11 Responses to Create HTML page containing all package examples using knitr and markdown

  1. Sebastian says:

    Hello!
    I was recently thinking about the same thing.
    On my system, your code doesn’t work – don’t know why, but I am currently not motivated to look for the reason.

    I am wondering if there could be an easier solution…
    Is there an easy way to get a list with all help topics in a package?
    Then you could write something along the lines of:

    “`{r ExamplesFromHelp}
    GetPages <- function(package.name) {
    # This function would have to be extended to return all help topics – if anyone has a smart idea, this would be greatly appreciated
    return(c('lm', 'glm'))
    }

    package.name <- 'base'
    library(package.name, character.only = TRUE)
    pages <- GetPages(package.name)
    invisible(sapply(pages, example, character.only = TRUE))
    “`

  2. Yihui says:

    Thanks! This is very nice! Are you aware of knitr::knit_rd? Example: http://tengfei.github.com/ggbio/docs/man/

    A simpler example: http://stackoverflow.com/a/11657083/559676

  3. sachaepskamp says:

    @Sebastian: I think there should be a way to do that. The source codes for ‘utils:::example’ give some clues, though they do require that you give a function name. Of course, those should probably not be to hard to extract.

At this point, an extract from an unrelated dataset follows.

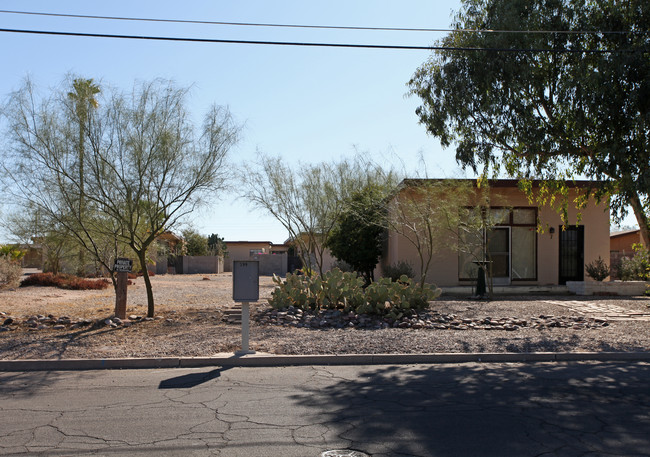 4114 E Fairmount St in Tucson, AZ - Foto de edificio - Building Photo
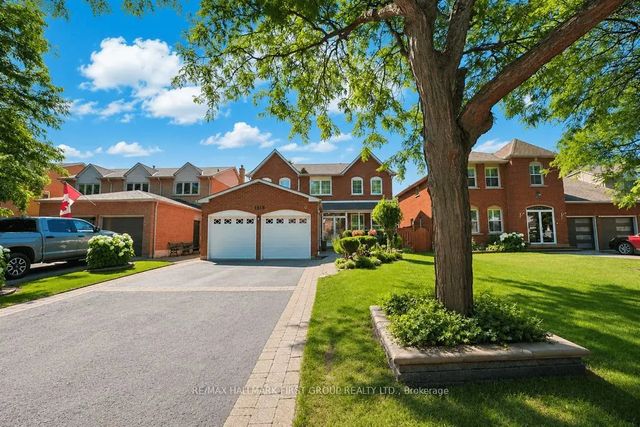 1818 Dencourt Drive, Pickering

    @Yihui: I wasn’t aware of knit_rd, but it looks awesome! I’ll put the results from that on my site as well :)

  4. Yihui says:

    Sorry the second link should have been: http://stackoverflow.com/a/11657083/559676 Somehow I pasted the same link twice… could you correct that for me? Thanks!

    In fact `knit_rd()` was using the clue in `utils::example()`. I think it is worth a separate exported function in base R to extract example code from installed packages.

  5. sachaepskamp says:

    Done!

  6. Tyler Rinker says:

    Just yesterday I created a function to grab the examples from my roxygen2 code:

    https://github.com/trinker/acc.roxygen2/blob/master/R/examples.R

    I thought I had something pretty nice but then today I look at your post and was thoroughly impressed. Thanks for sharing. Great idea.

  7. Steve Walker says:

    Cool stuff. And thanks for posting the code. I may look at this more closely in the near future.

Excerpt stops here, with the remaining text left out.